Total liabilities and stockholders' equity

  $ 1,663,585,260     $ 8,319,169       $ (746,977,398 )     $ 924,927,031  

(1) Reorganization adjustments: This column represents amounts recorded on the Effective Date for the implementation of the Plan, including the settlement of Liabilities subject to comprise and related payments, the issuance of new shares of common and new warrants, repayment of DIP facility and cancellation of Predecessor’s common stock.


*Cash proceeds at emergence ( net of cash payments)


Cash at hand before emergence   $ 28,144,072    

Amount borrowed under the exit financing facility

    225,000,000   (a)

Less discount on exit financing

    (5,500,000 ) (a)

Repayment of DIP facility

    (25,000,000 ) (b)

Repayment of old debt

    (182,603,425 ) (c)

Repayment of the accrued interest on DIP facility

    (106,597 ) (d)

Payment of deferred financing costs on exit financing

    (275,000 ) (e)

Payment of administrative fees, insurance expenses

    (139,537 ) (f)

Payment of legal fees relating to restructuring

    (3,470,809 ) (g)

Beginning cash balance for the successor

  $ 36,048,704    

This entry records our exit financing facility of $225 million less the debt discount of $5.5 million which is presented net with the debt balance.


*The below entry records retirement of Liabilities Subject to Compromise, and fresh start accounting adjustments


Settlement of old term loan

  $ 1,129,478,741   (h)

Settlement of PIK loan

    62,423,569   (i)

Settlement of accrued interest on the debt

    15,102,925   (j)

Cash settlement of old debt

    (182,603,425 ) (c)

Issuance of New Eagle Common Stock

    (654,306,488 )  

Issuance of new warrants

    (19,211,401 )  

Gain on settlement on Liabilities Subject to Compromise

  $ 350,883,921    

This entry records a gain of $350.9 million on extinguishment of the obligations pursuant to implementation of the Plan. On the Effective Date, and in accordance with the Plan, the Company issued 3,045,327 of New Eagle Equity Warrants. Each New Eagle Equity Warrant has a 7-year term and an exercise price of $27.82 per share. The fair value of the New Eagle Equity Warrant was estimated on the Effective date using the Black-Scholes pricing model.

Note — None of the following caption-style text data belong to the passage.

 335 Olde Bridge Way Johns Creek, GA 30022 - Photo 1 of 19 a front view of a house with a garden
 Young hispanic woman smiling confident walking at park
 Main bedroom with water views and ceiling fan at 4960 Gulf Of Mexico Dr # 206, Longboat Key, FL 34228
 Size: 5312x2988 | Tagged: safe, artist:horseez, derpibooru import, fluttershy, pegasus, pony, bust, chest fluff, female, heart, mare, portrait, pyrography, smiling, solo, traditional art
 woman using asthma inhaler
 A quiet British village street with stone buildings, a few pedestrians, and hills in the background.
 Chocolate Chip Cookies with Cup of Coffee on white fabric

The weighted average assumptions used included a risk free interest rate of 1.79%, an expected stock price volatility factor of 50% and a dividend rate of 0%. The aggregate fair value of the New Eagle Warrants was $19.2 million on the Effective date.


 *Fresh Start Adjustments


Write down Predecessor Directors’ and Officers’ insurance

  $ (3,050,161 ) (k)

Write down of deferred drydocking costs

    (5,108,002 ) (l)

Write down of leasehold improvements

    (211,688 ) (m)

Write down of vessel costs and accumulated depreciation

    (738,607,547 ) (n)

Record fair value of below market time charter contract

    (6,562,498 ) (o)

Total loss recorded as a result of Fresh Start Accounting

  $ (753,539,896 )  

This entry records the adjustment for fresh start accounting to report assets and liabilities at their estimated fair value including the write down of vessel, Directors’ and Officers’ insurance, Deferred drydocking costs and leasehold improvements to its fair value at the effective date. We also recorded a loss of $6.6 million to reflect the fair value of charter contract below market value at the effective date. 

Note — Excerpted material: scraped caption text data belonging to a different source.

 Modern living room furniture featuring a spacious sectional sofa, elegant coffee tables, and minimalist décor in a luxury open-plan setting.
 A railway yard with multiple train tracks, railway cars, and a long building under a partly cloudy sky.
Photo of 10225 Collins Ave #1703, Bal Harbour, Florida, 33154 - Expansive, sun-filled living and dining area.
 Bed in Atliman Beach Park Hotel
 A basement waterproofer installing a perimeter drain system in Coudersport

*Total Gain recorded in Statement of Operations due to Restructuring and fresh start accounting adjustments


Gain on settlement on Liabilities Subject to Compromise

  $ 350,883,921  

Total loss recorded as a result of Fresh Start Accounting

    (753,539,896 )

Net impact on Retained earnings

  $ (402,655,975 )

The total impact on Retained earnings reflects the cumulative impact of fresh start adjustments as discussed above. The net gain on fresh start adjustment has been included in Reorganization items, net in the Statement of Operations.